PAN M 360 : Vos œuvres sont souvent présentées lors d’événements de grande envergure et de renommée internationale tels que Mutek, Elektra, CTM, Artissima (Italie), la Biennale SCAPE en Nouvelle-Zélande ou la Biennale de Moscou. Pouvez-vous nous donner quelques détails sur votre processus de création et de production, ainsi que sur les outils que vous utilisez pour obtenir de tels résultats ?
PIERCE WARNECKE : Nous avons un certain nombre de logiciels que nous utilisons régulièrement. J’utilise beaucoup Max MSP et Matthew utilise TouchDesigner. Nous sommes toujours à la recherche d’une interaction simultanée entre le son et le visuel, où nous pouvons vraiment jouer en direct avec la construction du paysage. Matthew utilise des cartes qui représentent la région de Montalegre en 3D. Nous jouons avec le paysage comme s’il s’agissait d’un instrument à part entière. Je transforme ce terrain en son en temps réel.
PAN M 360 : Quelles sont vos habitudes de travail lorsque vous créez ? Créez-vous ensemble en temps réel ou existe-t-il un modèle particulier de travail et de réflexion ?
MATTHEW BIEDERMAN : A mon avis, la création sonore et visuelle se fait simultanément. Cependant, il arrive que les visuels soient inspirés par le son et vice versa. Nous échangeons beaucoup de fichiers pour nous inspirer mutuellement, avant d’aboutir à une œuvre sonore et visuelle complète. La composition visuelle est tout aussi importante que la composition sonore. C’est une véritable coopération. Notre complicité artistique s’est forgée au fil des années.
PAN M 360 : Il y a encore un énorme travail à faire pour éduquer le public à considérer l’art visuel comme un art à part entière, surtout lorsqu’il est associé au son. Matthew, comment pensez-vous que l’on puisse y remédier ?

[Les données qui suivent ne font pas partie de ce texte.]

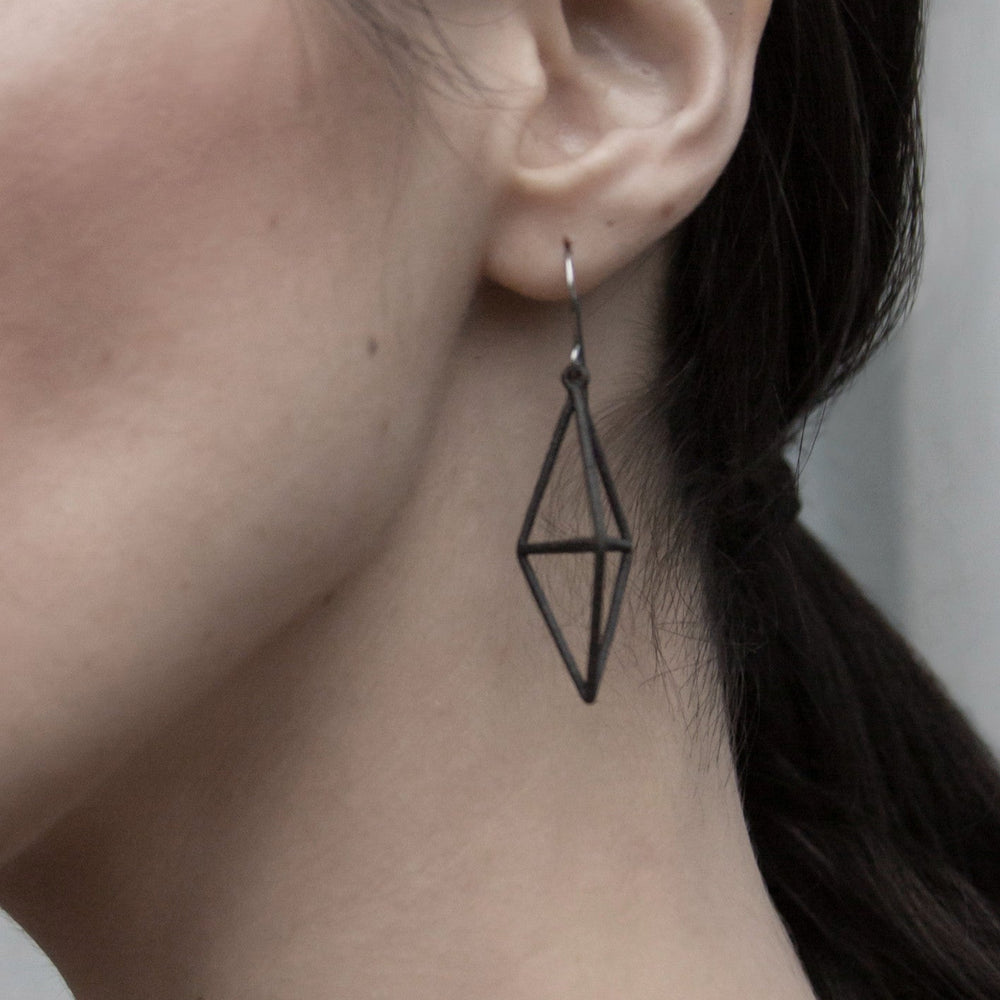 
                  
                    Close-up of a woman's ear showcasing a stylish, geometric black hoop earring that adds a modern touch to her look.
                  
                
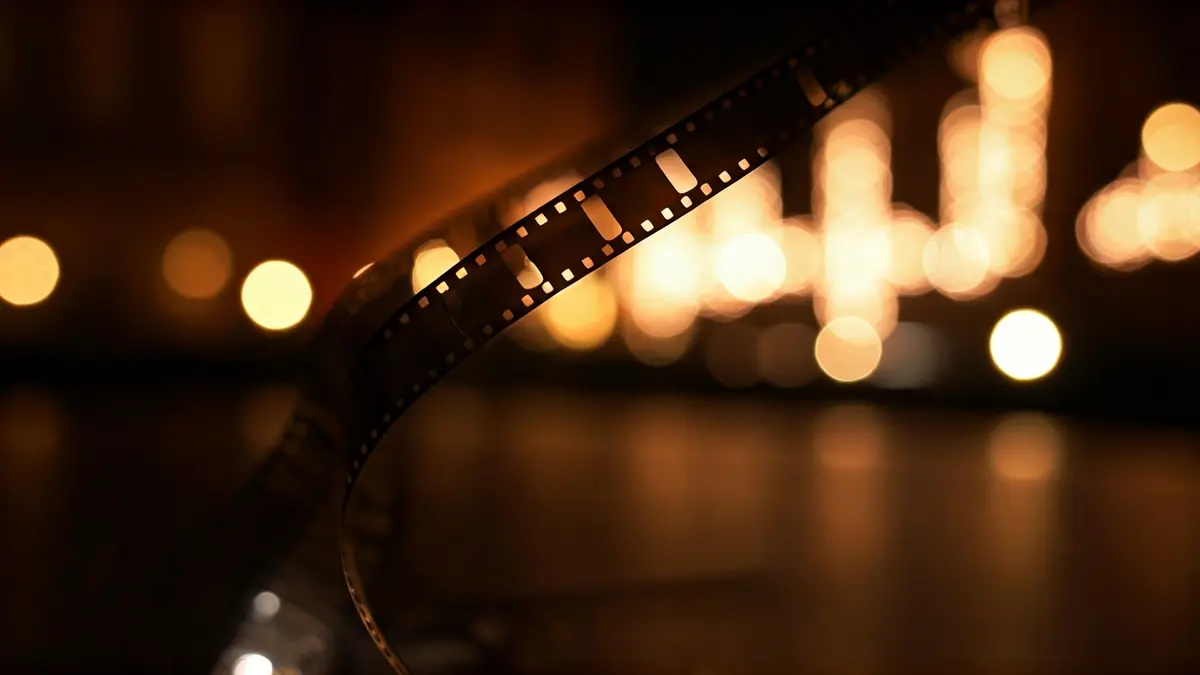 Generic image of a film reel with blurred cinematic lights.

MATTHEW BIEDERMAN : Je pense que cela dépend surtout du contexte dans lequel les créations visuelles sont exposées. Avec notre œuvre, Spillover, nous sommes dans un cadre tridimensionnel : la carte, le visuel et le son. C’est ce que le public ressent.
PAN M 360 : Puisque vous traitez d’un sujet concernant les risques de destruction de l’environnement dans le but de développer des énergies vertes, ne pensez-vous pas que votre travail a une consonance dramatique ?
PIERCE WARNECKE : Oui, il y a un côté dramatique, c’est sûr. En même temps, nous ne pouvions pas nous permettre d’être trop moralistes, car pour créer, nous utilisons des objets technologiques contenant du lithium. Nous vivons dans une société totalement paradoxale, nous essayons de nous adapter tout en ayant le moins d’impact négatif sur l’environnement. Notre volonté n’était pas d’être trop moraliste, mais de remettre en question notre mode de vie et nos choix.
MATTHEW BIEDERMAN : Mon activisme passe par mes œuvres pour sensibiliser les individus, en espérant rendre la société plus alerte sur ces questions. Je veux sensibiliser les gens, plutôt que de porter des jugements. En tant que Canadien, je me sens également proche de ce qui se passe dans mon pays, où les autochtones sont souvent les victimes de nos projets de développement énergétique.
PAN M 360 : Avez-vous d’autres projets en cours ? Ensemble ou en solo ?
PIERCE WARNECKE : Nous aimerions continuer à développer le projet Spillover et l’adapter à différents contextes et lieux dans le monde.
MATTHEW BIEDERMAN : Ce serait formidable d’approfondir les subtilités du travail sur les cartes.